Look at the autobiographical influences!


Book: Look at the Harlequins!
Author: Vladimir Nabokov
Published: 1974 (McGraw Hill)
Pages: 253

The more I read of this, the more I wondered if Nabokov was just fucking with me. Is it his own memoir, is it a satirical memoir of a writer very much like him only exaggerated, is it a novel in the form of said exaggerated memoir, and if so, what’s the difference between those last two?

I still don’t really have an answer seeing as how the book is called “a new novel by the author of…” on its book jacket, offers all other Library of Congress classification info except novel/memoir distinction on the copyright page, and constantly has the protagonist call himself by Nabokov’s name yet reference only novel titles that I’m almost certain Nabokov didn’t use while referring constantly to this here narrative as a memoir.
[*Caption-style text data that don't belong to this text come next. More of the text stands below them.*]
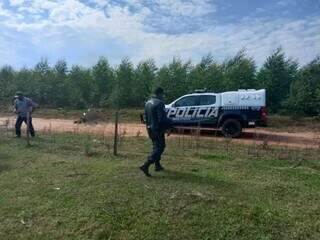 Polícia faz buscas em área de mata por onde bandido fugiu. (Foto: Rádio Caçula)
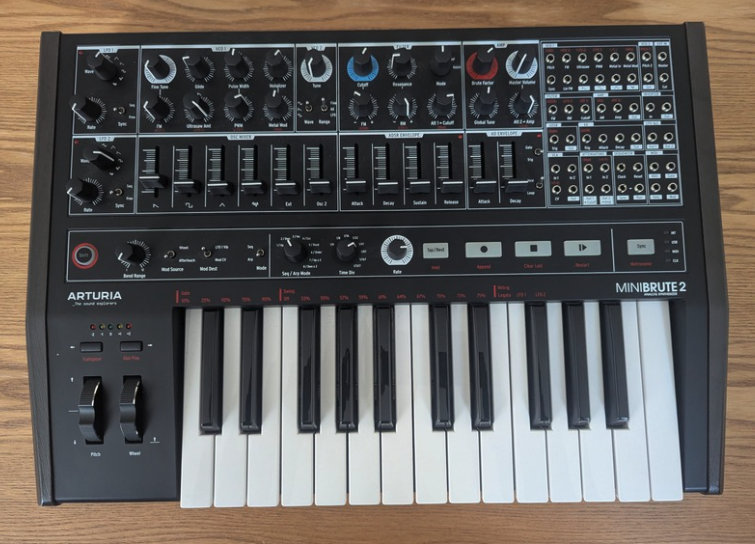 Vends Minibrute 2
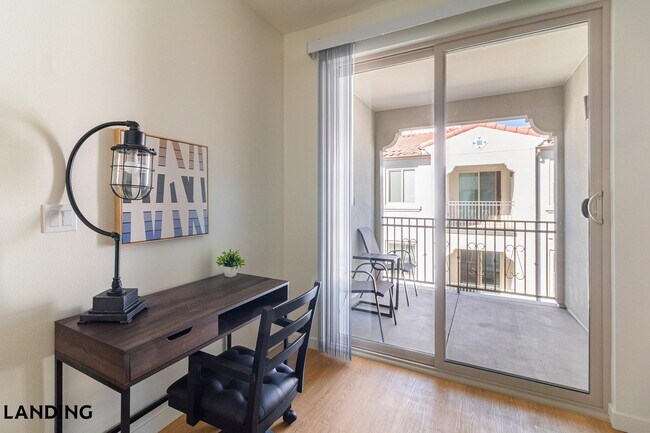 Building Photo - 41545 Ivy St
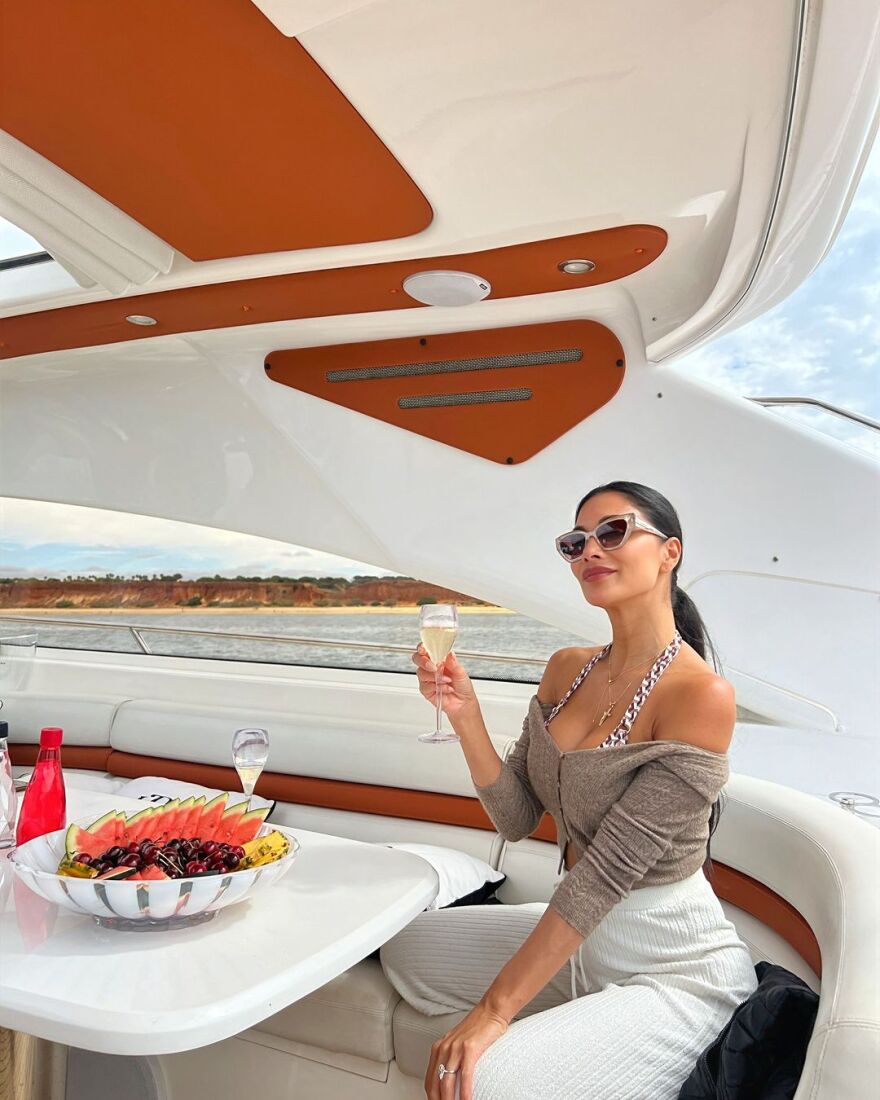 Νικόλ Σέρζινγκερ: Χαλαρώνει σε σκάφος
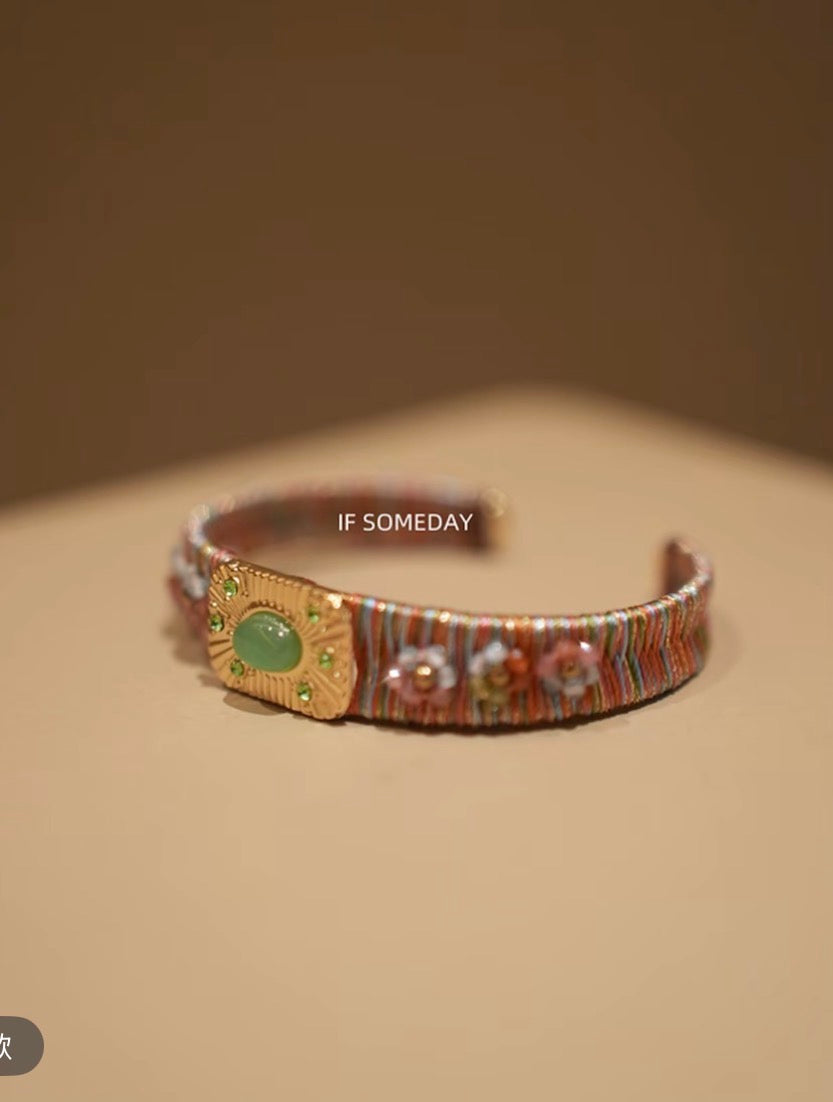 Vintage design hand-wound bracelet ｜Belle Jewelry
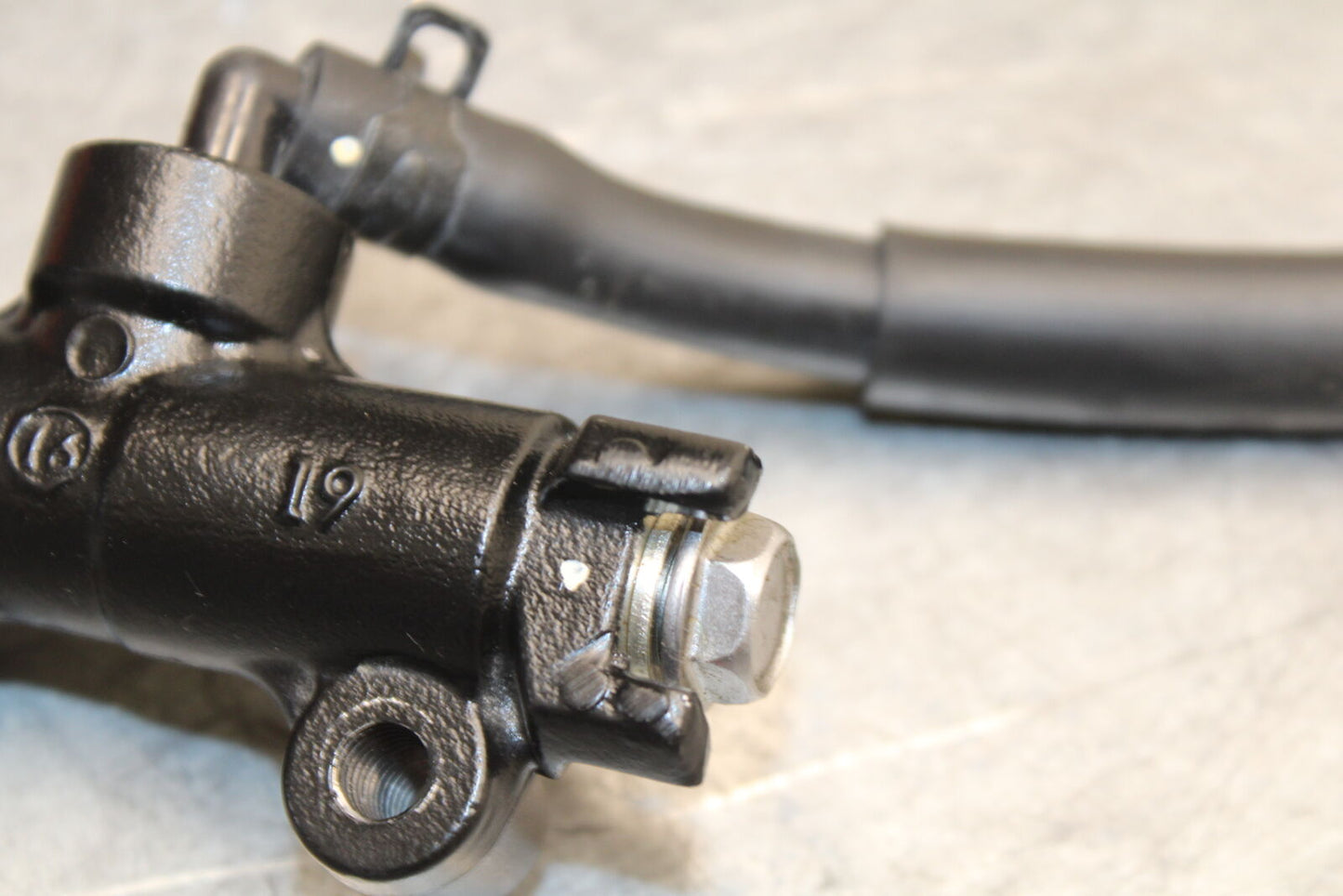 18-23 KAWASAKI NINJA 400 REAR BACK BRAKE MASTER CYLINDER W RESERVOIR BB660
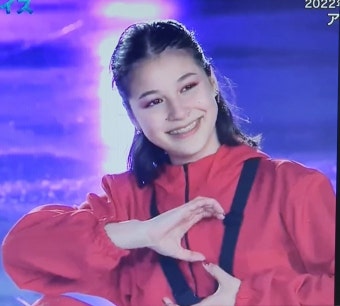 美 피겨 챔피언 알리사 리우...일본서 '오징어 게임' 복장에  'RUN2U'로 공연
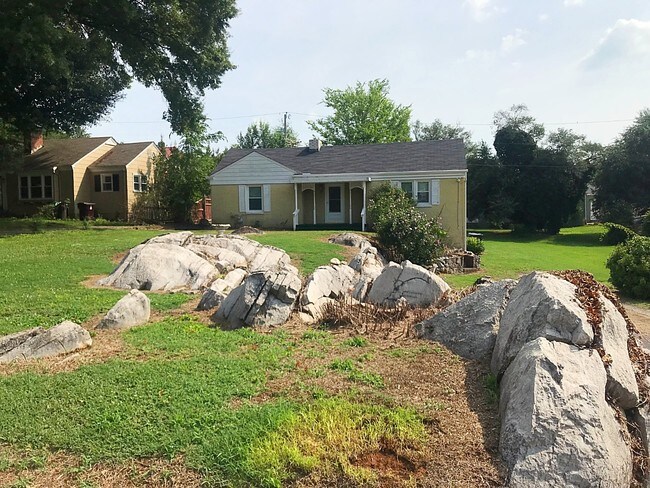 Building Photo - 210 Juniper Ave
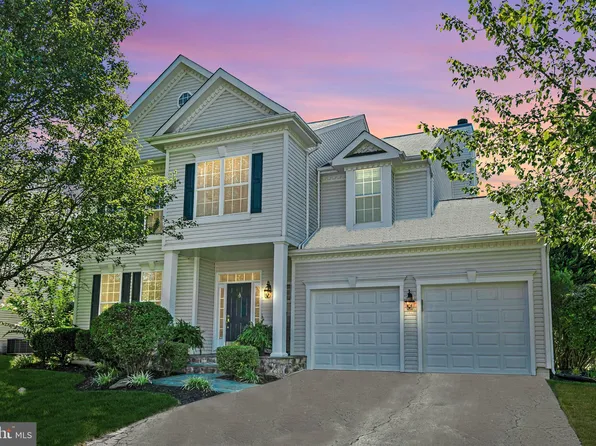 17133 Magic Mountain Dr, Round Hill, VA 20141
Why does any of this matter when the writing is pleasantly zany (it begins “I met the first of my three or four wives…”), witty, and eloquent in the slightly baroque manner that crashes and burns in hands any less delicate than Nabokov’s? His rambles through his love lives and professional progress are entertaining and revealing without much of a central theme but with plenty of self-depreciation disguised as arrogance that gradually lets you realize just exactly how seriously he isn’t taking himself. And he still knows when to reign that in to show quieter, genuine emotions (not a whole lot, but it’s there when it needs to be, like when his first wife died).

I just want to know how or if he writes his fiction differently than his self-examining. The New York Times review from 1974 tells me this was Nabokov’s last novel published before his death in 1977. It’s classified as a fictional autobiography – okay. So that makes total sense, and as far as this Constant Reader is constantly concerned, it’s a bookshelf-worthy success, right between my David Mitchell and Phillip Pullman.

I bought this at last year’s South Caroline Book Festival (three for a dollah, y’all: that’s also where I got A Supposedly Fun Thing I’ll Never Do Again and that giant-ass hard sci-fi anthology, so I AM MAKING THE OLD BOOK PILE PROGRESS HOO-YAH) because I wanted to read Nabokov. Ideally Lolita, but that wasn’t on sale there.

Yes, I realize I could go to Barnes and Noble or the Books-a-Million across the street from my Barnes and Noble or the stacks on the other side of the wall from my office or not leave my apartment and find this on Amazon, but two things:
  1.   Found books are more fun.
  2.  Lolita sounds creepy. I know it’s literature and I want everybody to write about whatever they want and not get censored. But it’s still creepy and I will have to prepare myself more than when I read about other stuff.